The Desire to Desire

I must confess that I find mussaf (and many parts of the rest of davening) very difficult. Frankly, I am unable to feel a longing for a restoration of animal sacrifice. I know I’m supposed to, but I don’t.

My work-around is to make that very lack the focus of my intent during the tefillah. Rather than thinking about qorbanos themselves, I mentally make the tefillah about wanting them. The fact that we haven’t had qorbanos for so many years that it’s hard to realize how much we’re missing from our relationship because of their absence. And that too is a hole I must ask Hashem to fill.

So I found this recent editorial in the New York Daily News (27-Aug-2007) quite meaningful, once stripped of her context and placed into mine.
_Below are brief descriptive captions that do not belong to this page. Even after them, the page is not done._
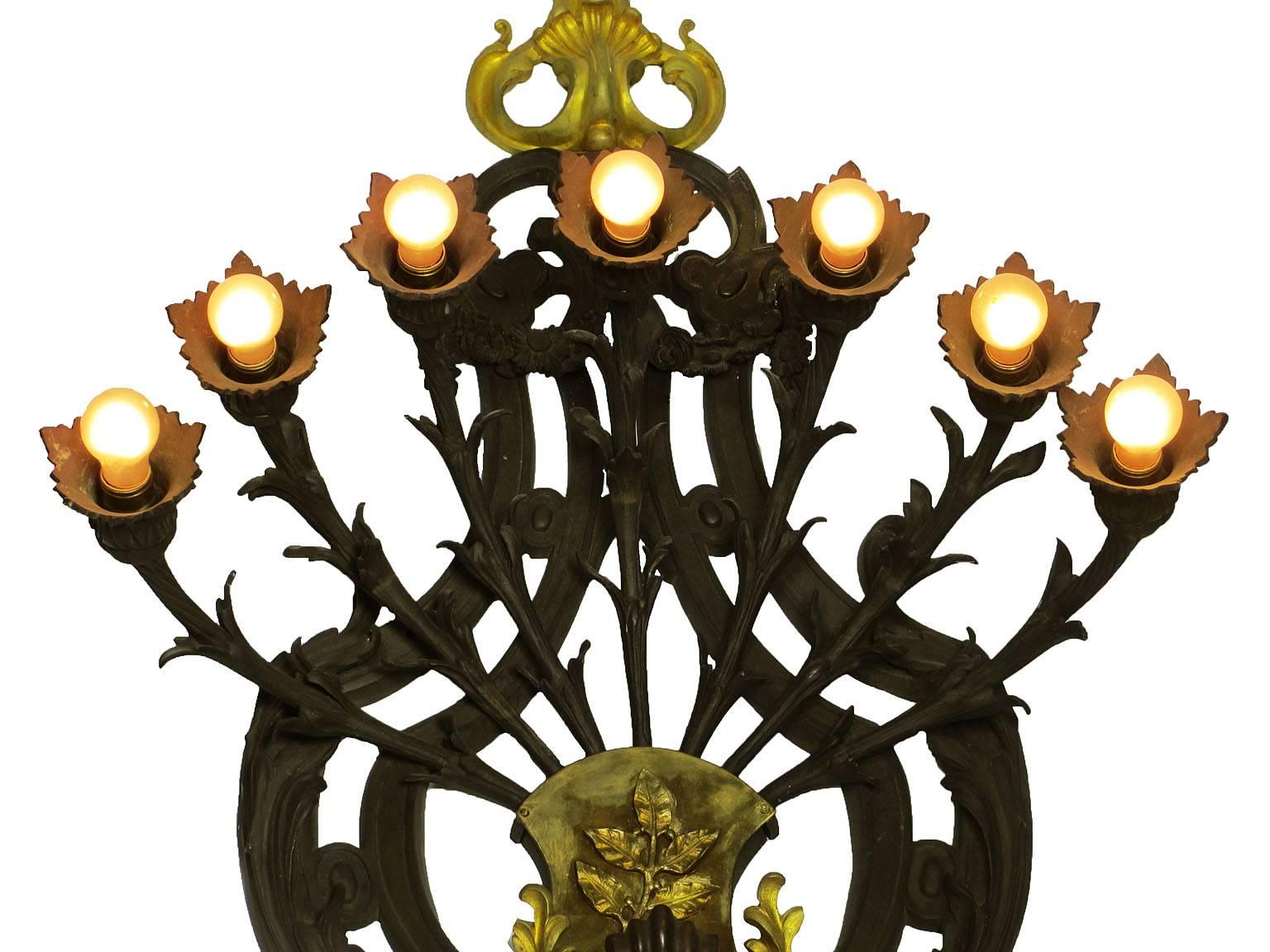 Early 20th Century Large French Art Deco Patinated and Gilt Bronze Seven-Light Figural Wall Sconce For Sale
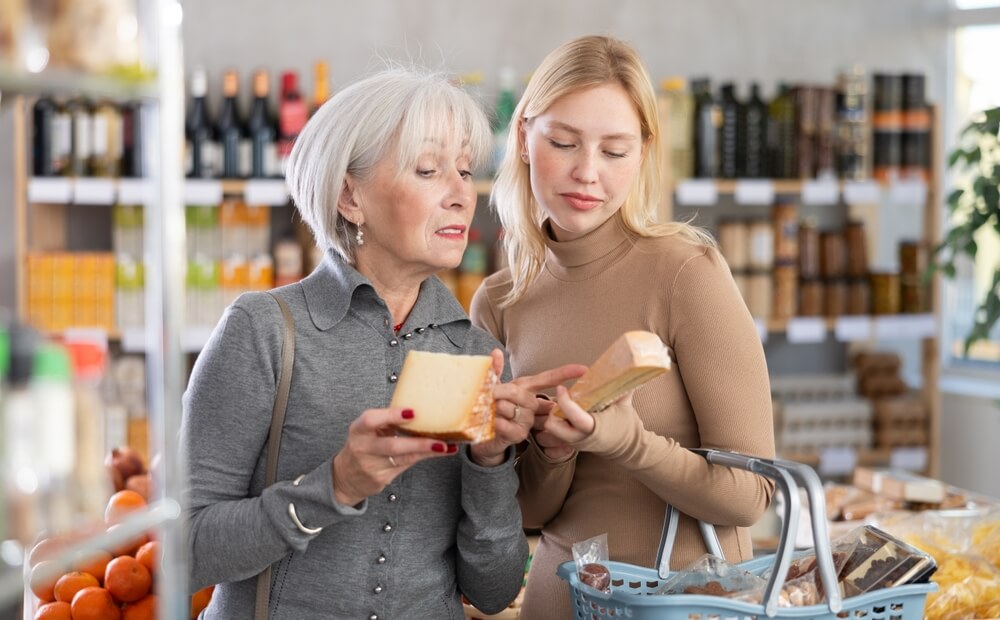 Mati in hči preverjata oznake na izdelkih v trgovini 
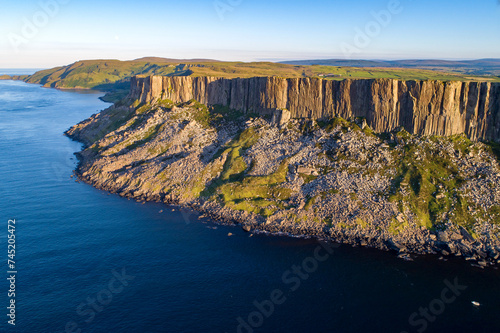 Fair Head or Benmore big cliff and headland at the Atlantic coast of County Antrim, Northern Ireland, UK,  in sunset light.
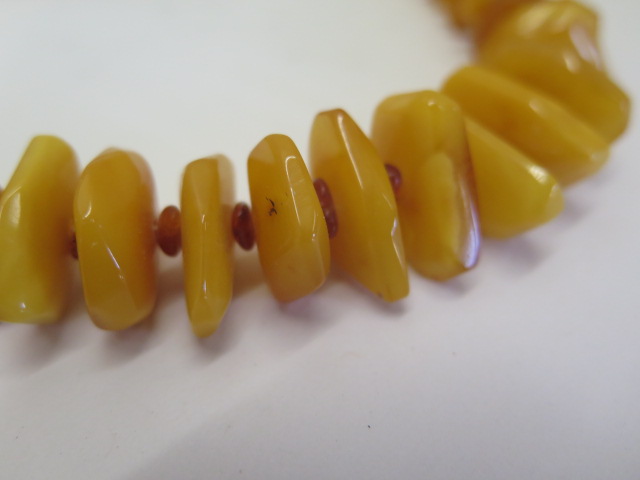 Two strings of natural polished amber beads, deep honey and egg yolk colours, larger string 74cm - Image 2 of 4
Mother Teresa, a doubter? Mother Teresa, beatified and likely on her way to canonization, lost in the dark night of the soul? What lessons does that impart to those who looked upon her as a saint upon Earth? Lessons of faith and of charity.

For a half-century Mother Teresa struggled with spiritual agony, not finding the comfort of God. Rather, she wrote, “When I try to raise my thoughts to Heaven, there is such convicting emptiness that those very thoughts return like sharp knives and hurt my very soul ….I have no Faith.”

These despairing emotions are disclosed in a collection of letters, which she had asked to be destroyed, but which were saved and now published. In a book by the Rev. Brian Kolodiejchuk, a proponent for her sainthood.

Mother Teresa’s decades of spiritual suffering are nothing less than a testament to the faith she did not think she had. You do not struggle to find something in which you do not believe. You do not mourn the loss of something you do not think exists. (emphasis mine. -mi)

“There is such a terrible darkness within me, as if everything was dead,” she wrote. And yet, and yet, she never wavered in labors very few would have strength to continue. Whence came that strength?

Some sour-souled nonbelievers may revel in the revelations. Pity them for their poverty of spirit. Mother Teresa, no matter her doubts, because of her doubts, was poor in everything but spirit.